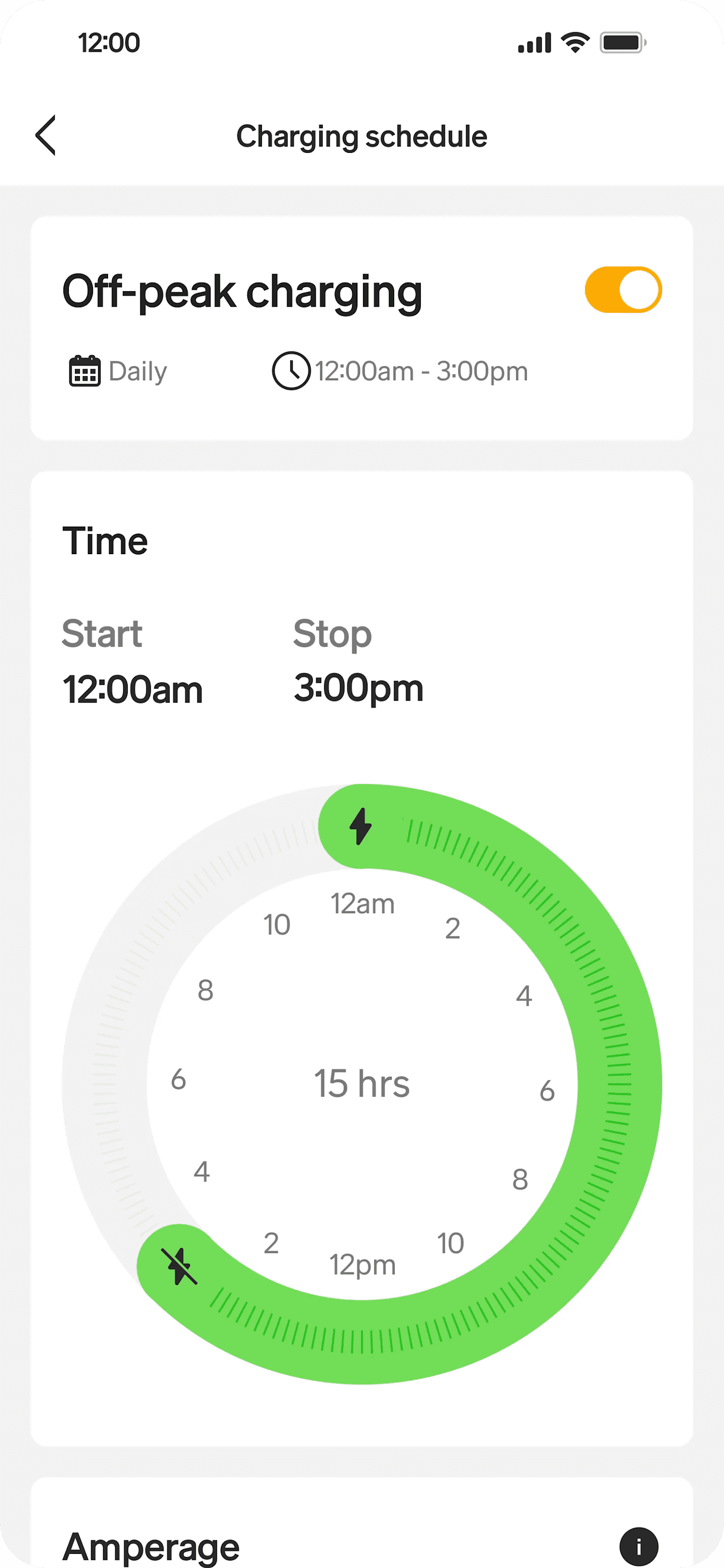 iPhone shows the Rivian app’s recommended charging schedule.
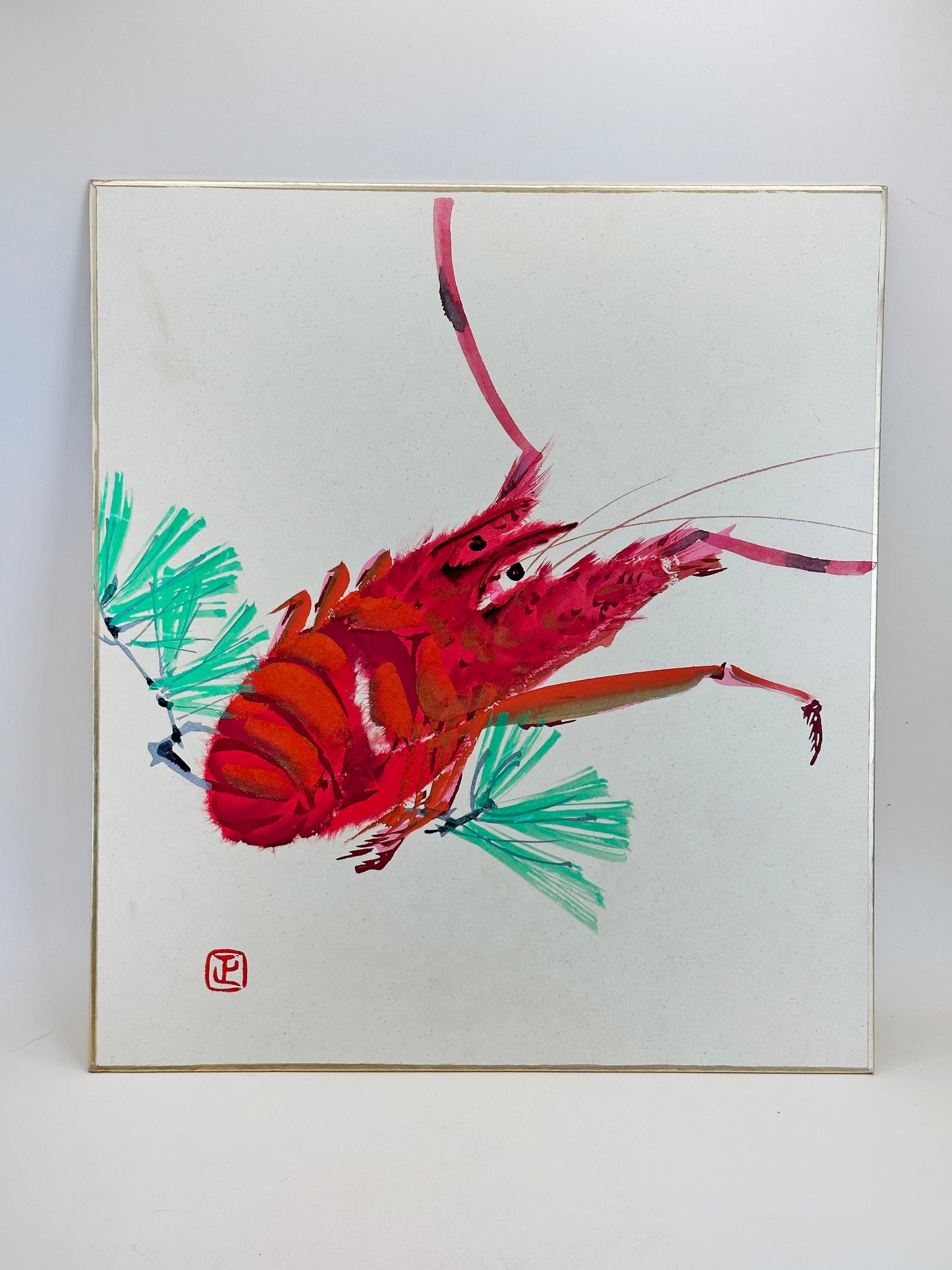 SHP212 - Shikishi Artwork – 伊勢海老 Ise-ebi (Japanese Spiny Lobster)
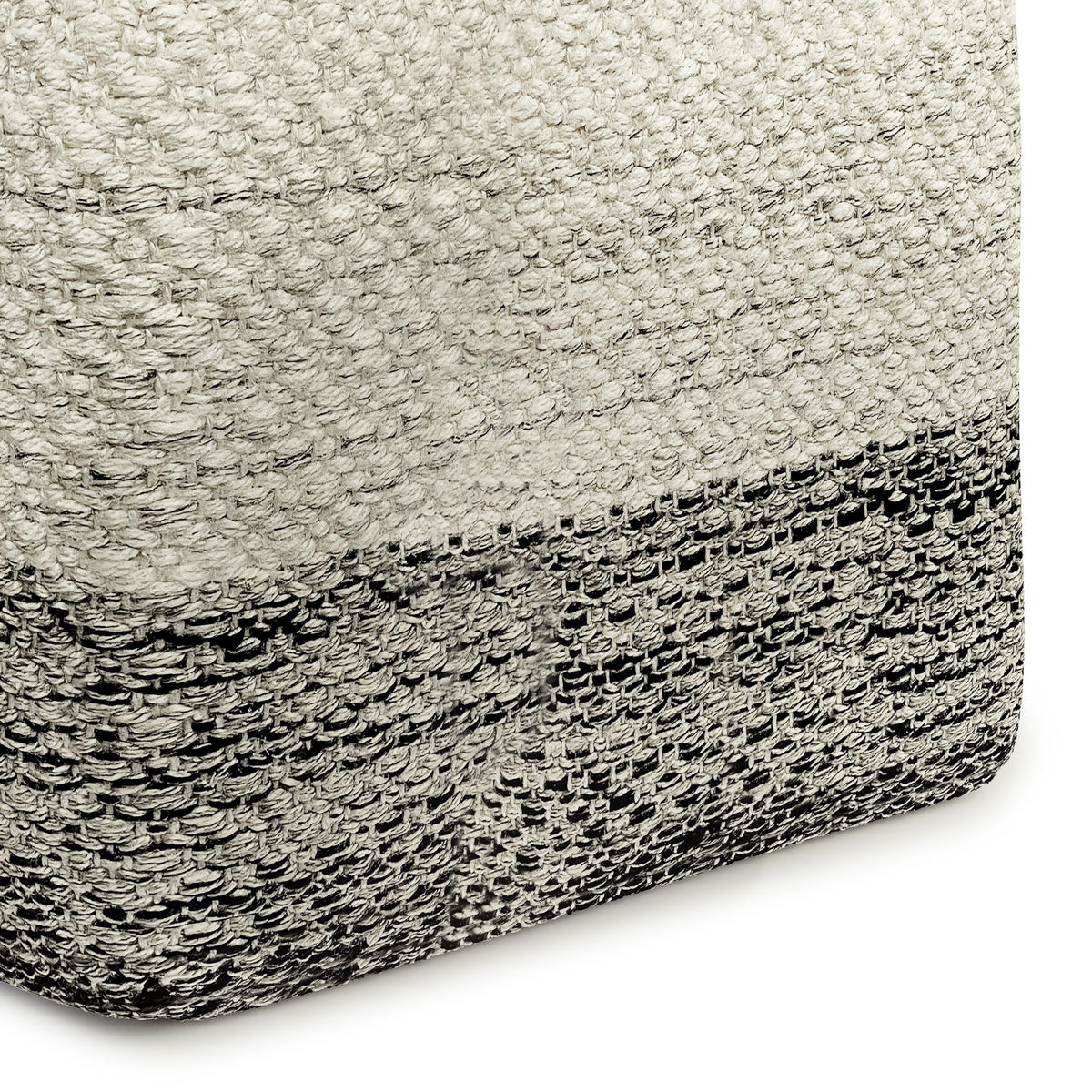 Macie - Square Woven Outdoor / Indoor Pouf - White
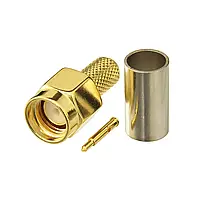 Роз'єм SMA Male (тато, вилка) обтискний на кабель RG58 RG142 RG223 LMR 195 3D-FB LMR200 SYV50-3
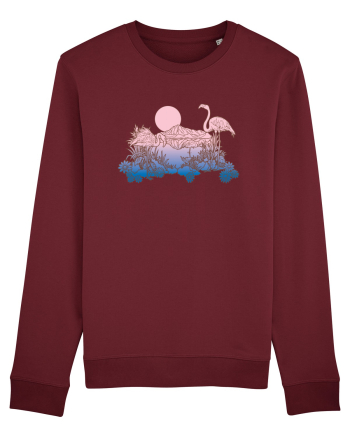 Flamingo Sunset Retro Burgundy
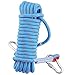 Syiswei Rock Climbing Rope 12MM, Upgraded Coating Carabiners Clips(10m,32ft)(20m,65ft) (30m,98ft) Static Outdoor Climbing Rope, Safety Rope Tree Swing Climbing Equipment Parachute Rope(Blue,30m)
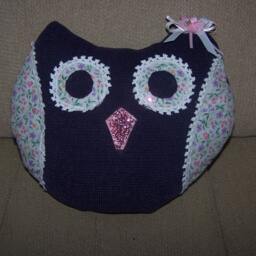 "Novelty , Owl Plush Pillow Home Decor Girls Room Fabric Craft Handmade Purple Floral Print 11"" X 9" - thumbnail 3
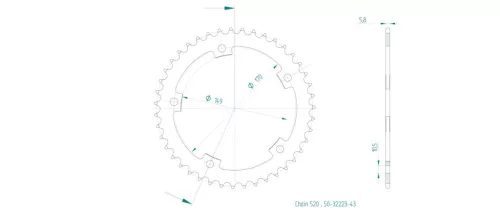 Pinion spate Esjot 43T oțel 50-32223-43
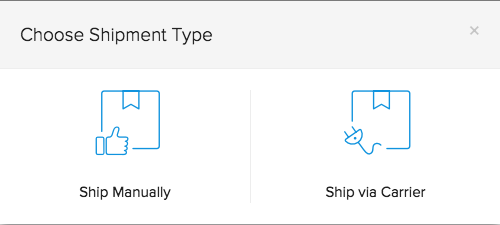 Shipment methods pop up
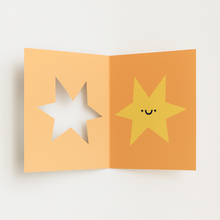 Load image into Gallery viewer, Greeting Card - Die Cut Happy Star - Congratulations / Well Done /Graduation - Rumble Cards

— EXERCISE REQUIREMENTS —
Exclude all images and return the listing word for word.

— REPLY TO THE TASK —
 iPhone shows the Rivian app’s recommended charging schedule.
 SHP212 - Shikishi Artwork – 伊勢海老 Ise-ebi (Japanese Spiny Lobster)
 Macie - Square Woven Outdoor / Indoor Pouf - White
 Роз'єм SMA Male (тато, вилка) обтискний на кабель RG58 RG142 RG223 LMR 195 3D-FB LMR200 SYV50-3
 Flamingo Sunset Retro Burgundy
 Syiswei Rock Climbing Rope 12MM, Upgraded Coating Carabiners Clips(10m,32ft)(20m,65ft) (30m,98ft) Static Outdoor Climbing Rope, Safety Rope Tree Swing Climbing Equipment Parachute Rope(Blue,30m)
 "Novelty , Owl Plush Pillow Home Decor Girls Room Fabric Craft Handmade Purple Floral Print 11"" X 9" - thumbnail 3
 Pinion spate Esjot 43T oțel 50-32223-43
 Shipment methods pop up
 Load image into Gallery viewer, Greeting Card - Die Cut Happy Star - Congratulations / Well Done /Graduation - Rumble Cards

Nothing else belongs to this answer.